Coal Canyon, Cortez Area, Eureka County, Nevada

On April 6, 2005, we acquired an option to earn a 60% interest in mineral claims in Eureka County, Nevada, containing the mineral claims Coal #1 to Coal #64 (BLM-NMC number 847957 to 848020) located in the Coal Canyon, Cortez Area, Eureka County, Nevada, United States of America. Our interest option was acquired by us for costs as set out in note 5 of the unaudited interim financial statements. The mineral lease claims are owned by Miranda U.S.A. Inc. pursuant to a 20-year mineral lease dated May 27, 2004. At the present time there are no proven reserves.

On March 23, 2007, the Company terminated the above noted Option Agreement with Miranda U.S.A. Inc.

West Queensdale, Saskatchewan, Canada

On March 15, 2007, the Company entered a Memorandum of Understanding which was subsequently partially completed on April 16, 2007, to acquire a 15% before payout (“BPO”) (7.5% after payout (“APO”)) interest in Queensdale, Saskatchewan Project from 0743608 B.C. Ltd. (Assignor), a company controlled by a Director/CEO of the Company covering the south east quarter (SE ¼) of Section twenty five (25), Township six (6), Range two (2) west of the second meridian (W2M) in the West Queensdale, Saskatchewan area (“Farmout Land”) and the north east quarter (NE ¼) of Section twenty five (25), Township six (6), Range two (2) west of the second meridian (W2M) in the West Queensdale area of southeast Saskatchewan, Canada..

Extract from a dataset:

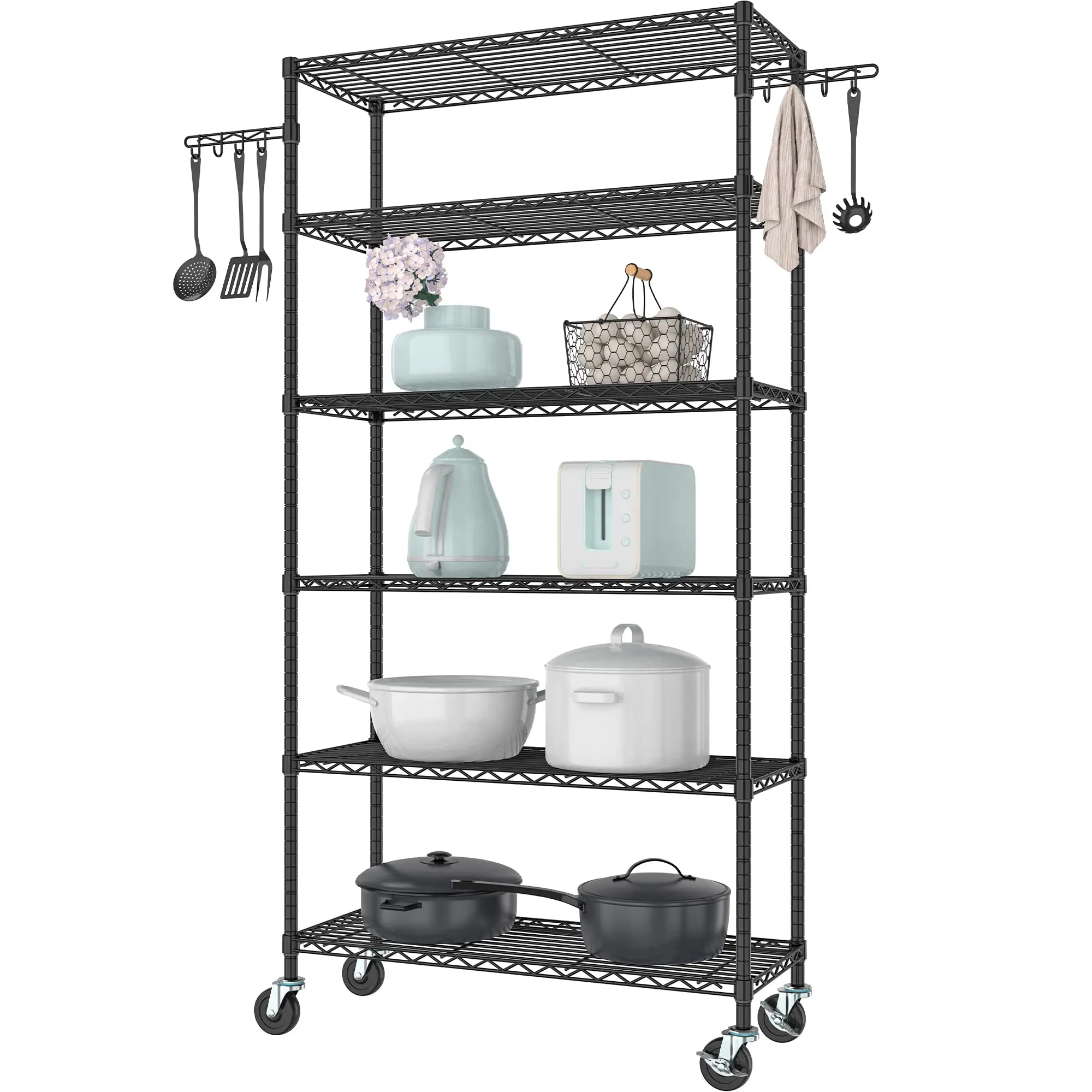 Black 6-Tier Adjustable Wire Shelving Unit With Casters, 36x14x75 Inches, Heavy-Duty Rolling Storage Rack For Kitchen, Garage,
Black 6-Tier Adjustable Wire Shelving Unit With Casters, 36x14x75 Inches, Heavy-Duty Rolling Storage Rack For Kitchen, Garage,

The area is a well known oil and gas producing area and is considered part of the greater Williston Basin District that also extends into Wyoming.




The West Queensdale project is a postulated extension of historic reservoirs that target Alida dolomite formations. One horizontal well was drilled and completed prior to the Company’s acquisition, and was and is producing crude oil. A second horizontal well has been drilled and is being assessed, and if it is shown to also be a producing oil well, then a 15% BPO (7.5% APO interest) could be acquired by the Company as part of the Memorandum of Understanding previously signed. Management believes there is value in adding assets to the Company that produce cash flow and are more sustainable over time as a result of that cash flow.

Results of Operations for the quarter ended May 31, 2007

For the quarter ended May 31, 2007, the Company’s revenues were $54,511 while there were no revenues for the same three-month period in the prior year.   The increase in revenues was derived from the acquisition of a 15% (BPO) working interest in a natural gas well located in Saskatchewan, Canada.

For the quarter ended May 31, 2007 we incurred costs and expenses in the amount of $250,204, compared to costs and expenses of $71,626 for the corresponding period in the prior year.

This increase in costs and expenses is attributable to operating costs and administrative expenses we incurred in connection with the following:

·

The Company’s operating costs for the oil well amounted to $18,684.  The depletion costs for the quarter ending May 31, 2007 was $80,061.  There are no comparative figures for the prior period.

·

Rent payment in connection with the acquisition of office space. During the quarter ended May 31, 2007, the Company incurred $4,039 (May 31, 2006: $1,605); the increase was caused by the allocation of costs paid for accounting services and the use of premises used by the President of the Company.

·

Consulting fees increased to $123,319 (May 31, 2006: $6,420).  The increase was caused by a stock based compensation charge due to shares and warrants being issued below market price to directors of the Company.   Excluding this charge consulting fees were in line with the prior period.

Liquidity and Capital Resources

As of May 31, 2007, we had total current assets of $63,881 (August 31, 2006:  $165,918) while our total current liabilities as of May 31, 2007 were $238,433 (August 31, 2006:  $53,093). As a result, on May 31, 2007 we had a working capital deficit of $174,552 (August 31, 2006:  working capital of $112,825). The decrease in working capital was caused by the Company’s agreement in connection with the purchase of the 15% (BPO) working interest in a natural gas well.  

The Company relied on cash on hand raised through the issue of equity capital to fund our operations during the quarter ended May 31, 2007.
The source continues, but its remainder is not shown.